Sparse Matrix Multiplication
For a deep dive into Ampere's Sparse Matrix Multiplication capabilities, please refer to the official NVIDIA architecture whitepapers.
A100 vs V100
When comparing the A100 directly to its predecessor, the V100, several core architectural elements remain unchanged, while memory and caching have seen massive overhauls.
Key Similarities to V100
- Instruction encoding
- Dual-port registers
- Shared memory latency behavior (specifically regarding bank conflicts)
- Overall memory topology
Key Differences from V100
- Bank conflicts on the A100 result in higher latency penalties than on the V100.
Memory Capacity

The A100 features significantly expanded memory structures across the board:
- L0 Instruction Cache: 2.7x larger (verified via micro-benchmarking).
- L1 & Shared Memory: Total combined capacity is 1.5x larger.
- Achieves 96% utilization of the theoretical L1 maximum.
- Allows 100% utilization of shared memory (with only 1 KiB reserved).
- Unified L2 Cache: More than 6x larger overall, with each individual partition growing by more than 3x.

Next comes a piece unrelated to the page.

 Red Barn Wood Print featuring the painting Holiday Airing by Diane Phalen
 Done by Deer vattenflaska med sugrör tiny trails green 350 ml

- Global Memory: 2.5x larger capacity.
Memory Bandwidth

Bandwidth has been scaled up significantly to feed the larger caches and higher SM count:
- Global Memory Bandwidth: 1.7x faster
- More than 1.4x increase in memory clock speed
- L2 Memory Bandwidth: 2.6x faster
- More than 3% increase in graphics clock
- Shared memory bandwidth: 1.4x faster
- Same as L1 which is co-located
- Proportional to increase in SM count from 80 to 108 and the increase in graphics clock
- Observed-theoretical ratio is over V100
- Global memory and L1 with 92% theoretical maximum